TASK TO CARRY OUT
Leaving the pictures aside, return all of the data below exactly.

DATA BELOW
----------------
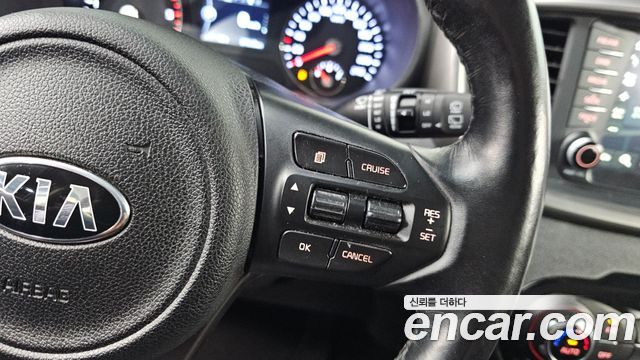 Kia Sorento 2015 — photo 26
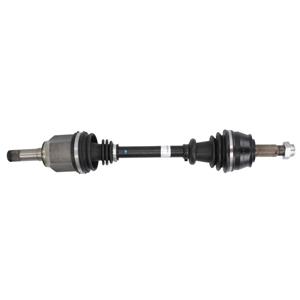 Point Gear Aandrijfas  PNG72620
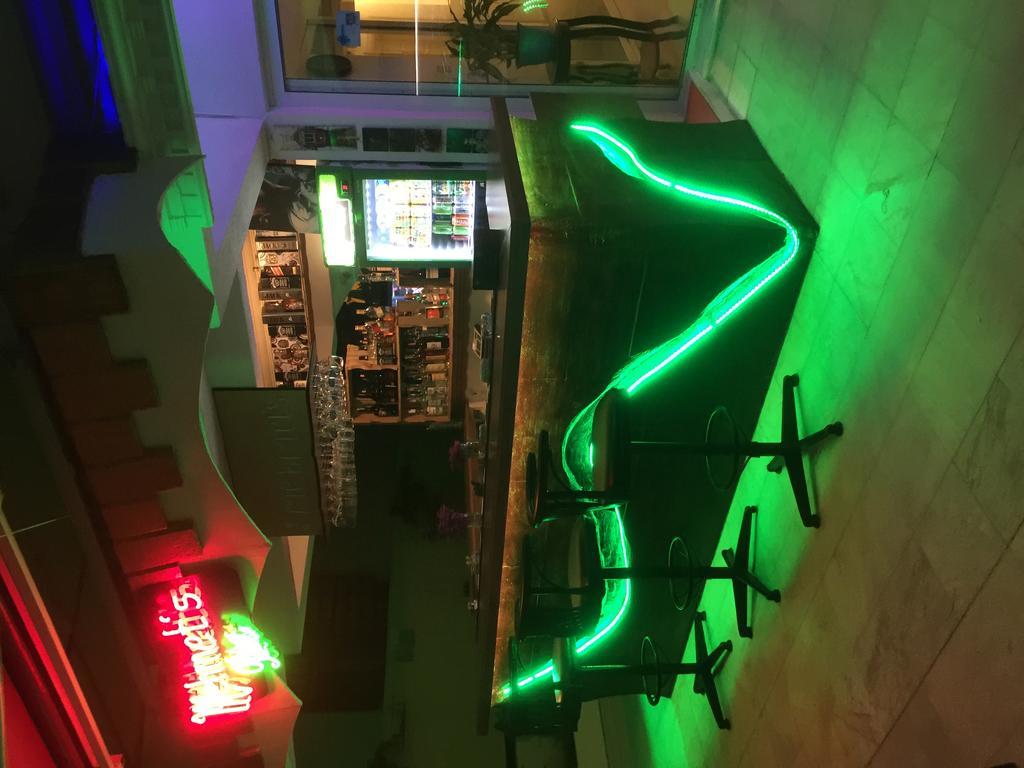 Dm Hotel Marmaris Zewnętrze zdjęcie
----------------
RESULT BELOW
 Kia Sorento 2015 — photo 26
 Point Gear Aandrijfas  PNG72620
 Dm Hotel Marmaris Zewnętrze zdjęcie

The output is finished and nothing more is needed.